• _AIM OF THE EXERCISE_
For the entries that follow, retype exactly the lines from the one containing "Sterling Silver-Plated Chunky" to the one containing "Çağdaş Eleştiri: Aylık", inclusive, and only those. Images stay out of the copy.

• _DATA LISTING_
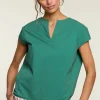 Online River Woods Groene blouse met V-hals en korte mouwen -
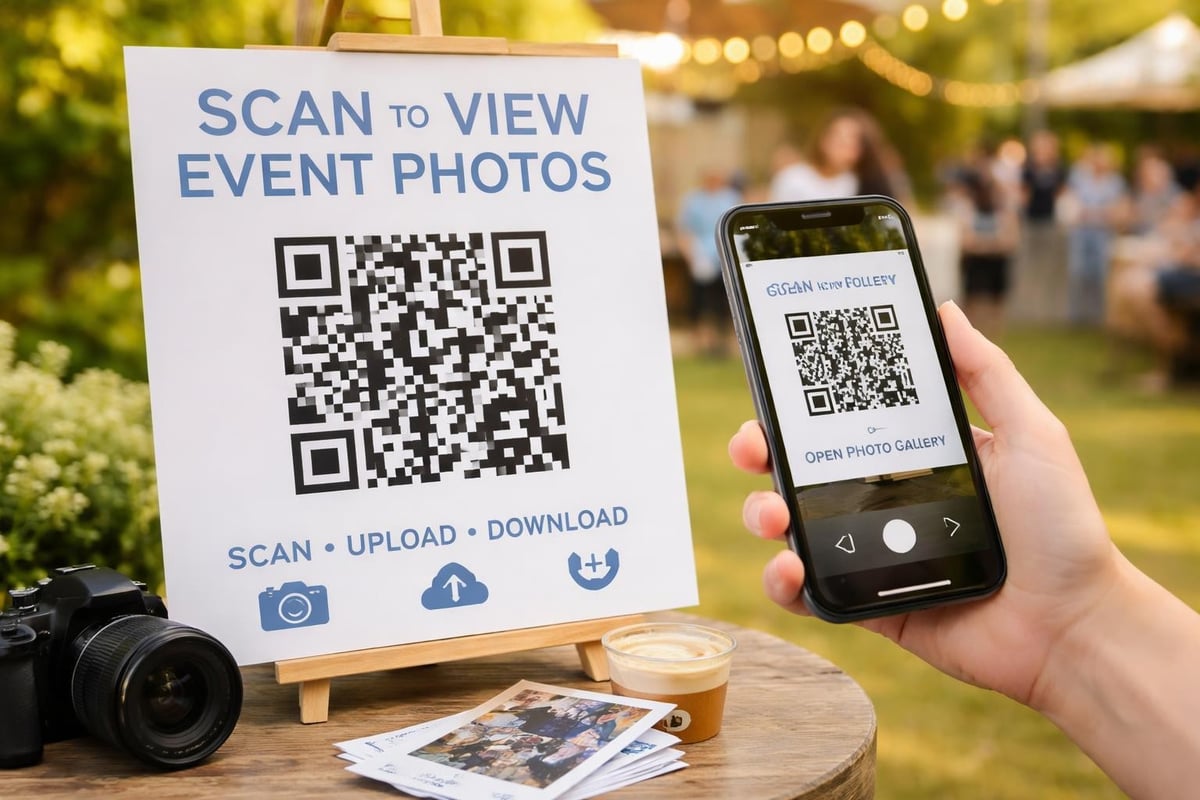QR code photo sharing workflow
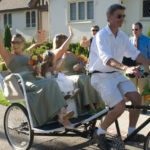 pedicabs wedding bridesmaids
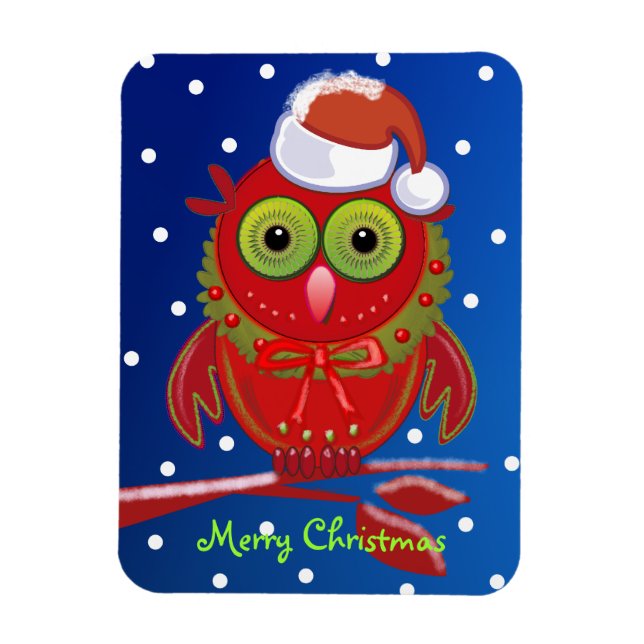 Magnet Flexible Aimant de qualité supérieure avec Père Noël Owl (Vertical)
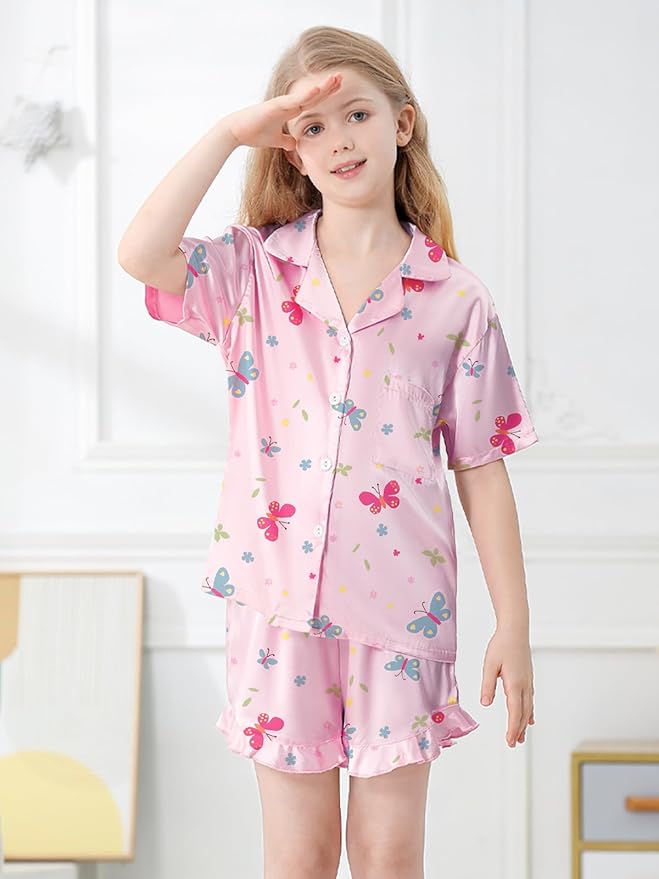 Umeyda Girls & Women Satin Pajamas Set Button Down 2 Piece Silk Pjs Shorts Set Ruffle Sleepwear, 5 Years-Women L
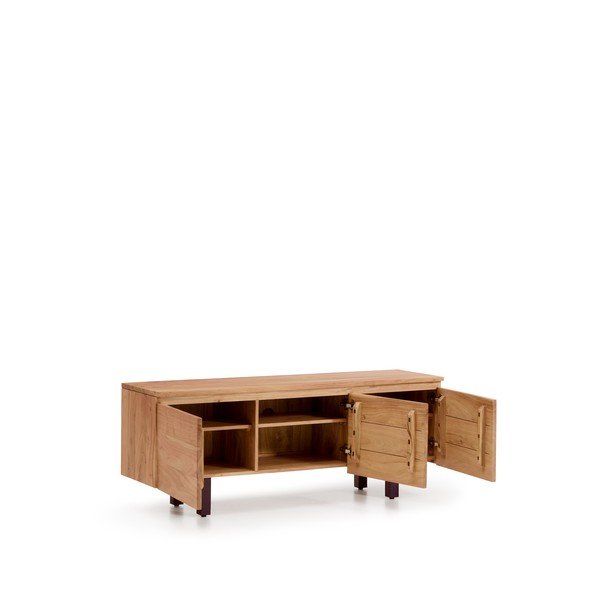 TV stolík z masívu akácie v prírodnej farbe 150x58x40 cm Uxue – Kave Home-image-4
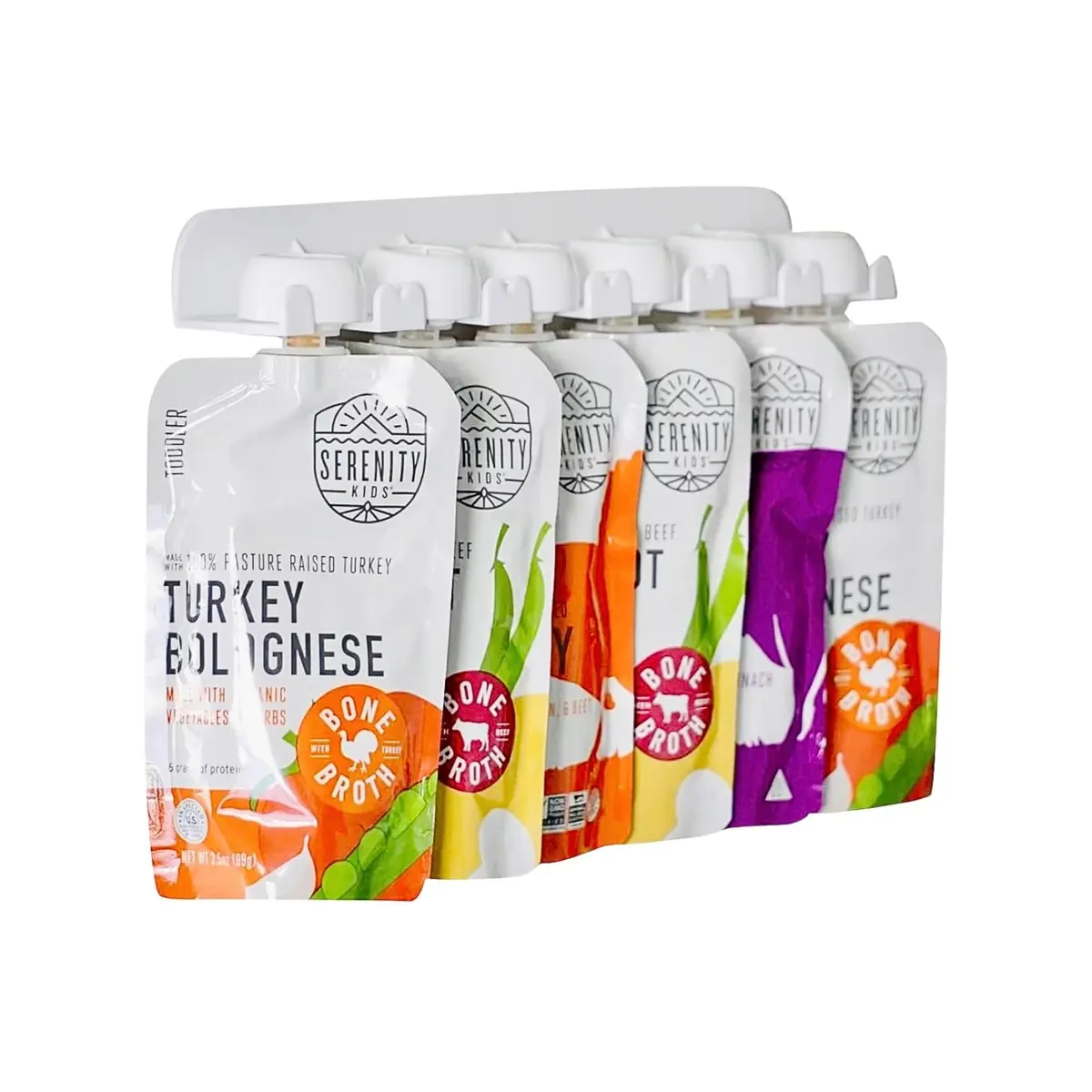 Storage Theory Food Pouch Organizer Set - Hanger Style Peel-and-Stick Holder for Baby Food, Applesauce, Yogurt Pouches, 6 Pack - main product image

...

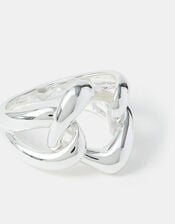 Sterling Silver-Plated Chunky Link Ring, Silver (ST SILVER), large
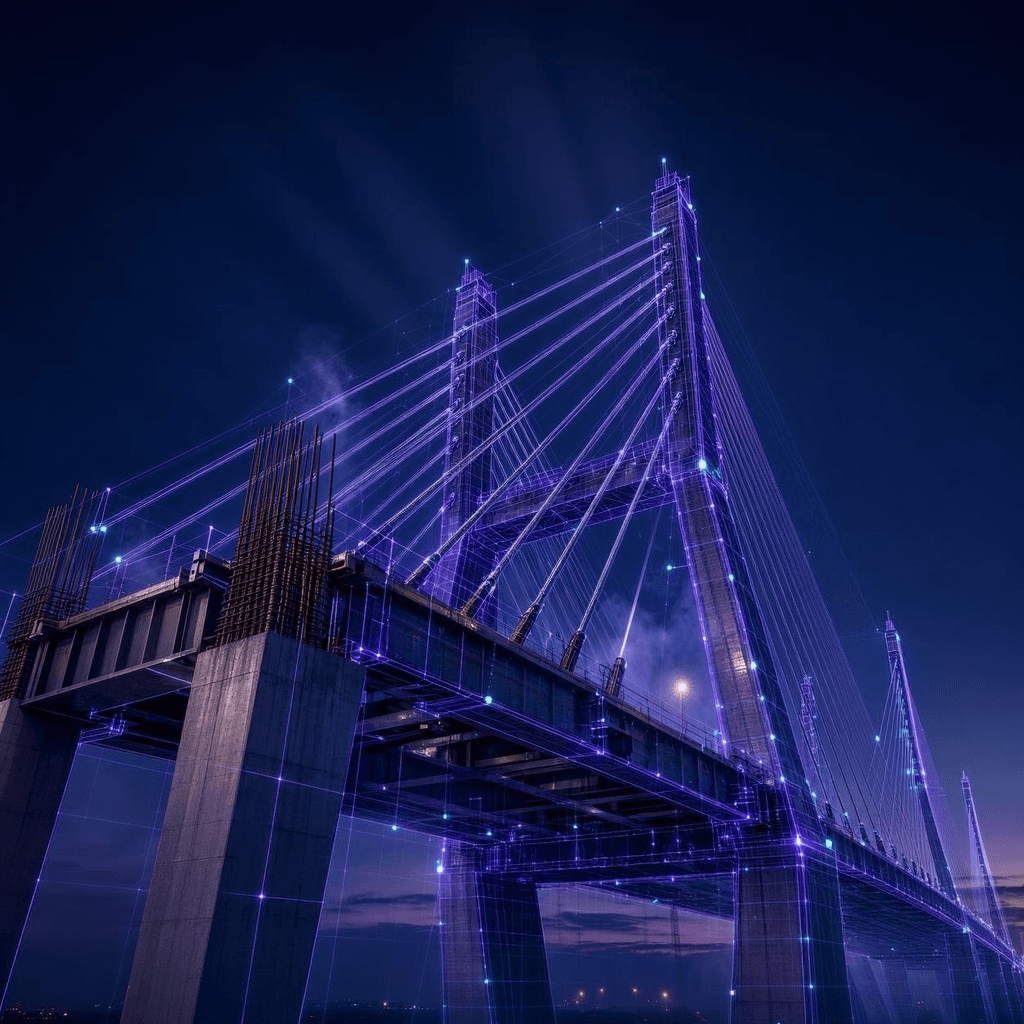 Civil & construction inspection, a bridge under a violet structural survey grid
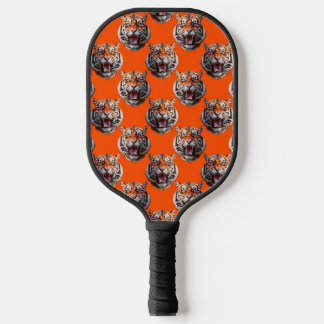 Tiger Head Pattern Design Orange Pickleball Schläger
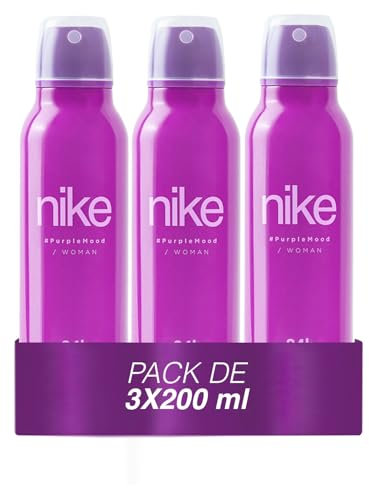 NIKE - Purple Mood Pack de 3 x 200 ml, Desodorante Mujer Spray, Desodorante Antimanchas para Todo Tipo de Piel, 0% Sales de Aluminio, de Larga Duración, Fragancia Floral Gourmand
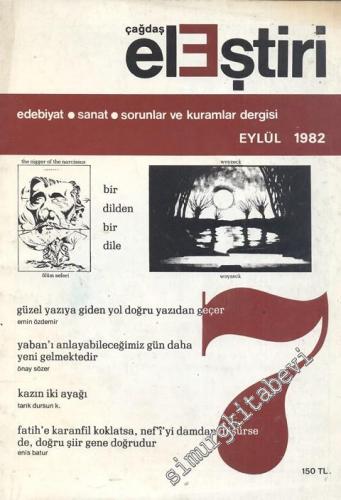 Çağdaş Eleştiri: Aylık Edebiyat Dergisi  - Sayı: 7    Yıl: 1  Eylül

• _EXERCISE ANSWER_
 Sterling Silver-Plated Chunky Link Ring, Silver (ST SILVER), large
 Civil & construction inspection, a bridge under a violet structural survey grid
 Tiger Head Pattern Design Orange Pickleball Schläger
 NIKE - Purple Mood Pack de 3 x 200 ml, Desodorante Mujer Spray, Desodorante Antimanchas para Todo Tipo de Piel, 0% Sales de Aluminio, de Larga Duración, Fragancia Floral Gourmand
 Çağdaş Eleştiri: Aylık Edebiyat Dergisi  - Sayı: 7    Yıl: 1  Eylül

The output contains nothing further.